Herm Edwards on the set of NFL Live

Herm Edwards on the set of NFL Live on Sept. 8, 2014. Credit: ESPN Images/Joe Faraoni

Herm Edwards is in his seventh season as an ESPN analyst, one fewer year than he spent as an NFL head coach with the Jets and Chiefs from 2001 to 2008.

And this is just the way he likes it.

"I won't go back [to coaching]," he said. "I'm staying in this seat. I'm enjoying it. I get to coach all 32 teams.

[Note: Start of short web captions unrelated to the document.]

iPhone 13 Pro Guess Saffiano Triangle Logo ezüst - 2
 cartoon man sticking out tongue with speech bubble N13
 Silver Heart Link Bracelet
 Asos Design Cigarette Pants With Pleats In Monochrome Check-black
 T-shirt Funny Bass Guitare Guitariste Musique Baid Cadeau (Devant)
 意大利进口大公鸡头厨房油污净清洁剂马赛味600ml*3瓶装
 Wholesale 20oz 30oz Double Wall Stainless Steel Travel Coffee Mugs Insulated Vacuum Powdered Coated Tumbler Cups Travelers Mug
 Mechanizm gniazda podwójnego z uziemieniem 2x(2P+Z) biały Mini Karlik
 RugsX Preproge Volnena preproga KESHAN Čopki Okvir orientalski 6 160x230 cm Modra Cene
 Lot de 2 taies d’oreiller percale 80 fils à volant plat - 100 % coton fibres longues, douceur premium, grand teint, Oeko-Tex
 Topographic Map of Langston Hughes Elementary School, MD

I never have to worry about my quarterback getting hurt anymore . . . And I can say things that head coaches can't say."

Edwards is 61, eight years younger than the Giants' Tom Coughlin, but he said these days he prefers simply to talk about football on television and to focus on raising his 9- and 10-year-old daughters at his home in Carmel, California.

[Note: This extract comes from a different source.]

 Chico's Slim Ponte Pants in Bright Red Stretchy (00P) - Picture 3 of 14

"I want to raise them here," he said by phone late last week. "I don't want to move them all over the place."

Edwards had dabbled in TV analysis during his days with the Jets, and the network had told him if he ever wanted to pursue broadcasting full time he might have a knack for it, given his knowledge and personality.

"I've got a great relationship with ESPN and hopefully I'm doing a good job for them; I think I am," he said. "I've got a wonderful platform to talk about football. I feel like I'm an ambassador for the game and I know enough because I've done everything you can ask a person to do other than be an owner, probably . . . I think I can take the fan behind the curtains, and that's what they want."

Edwards usually visits Bristol, Connecticut, ESPN's headquarters, twice a month during the season and stays for five or six days at a time. He also does a number of speaking engagements during the year.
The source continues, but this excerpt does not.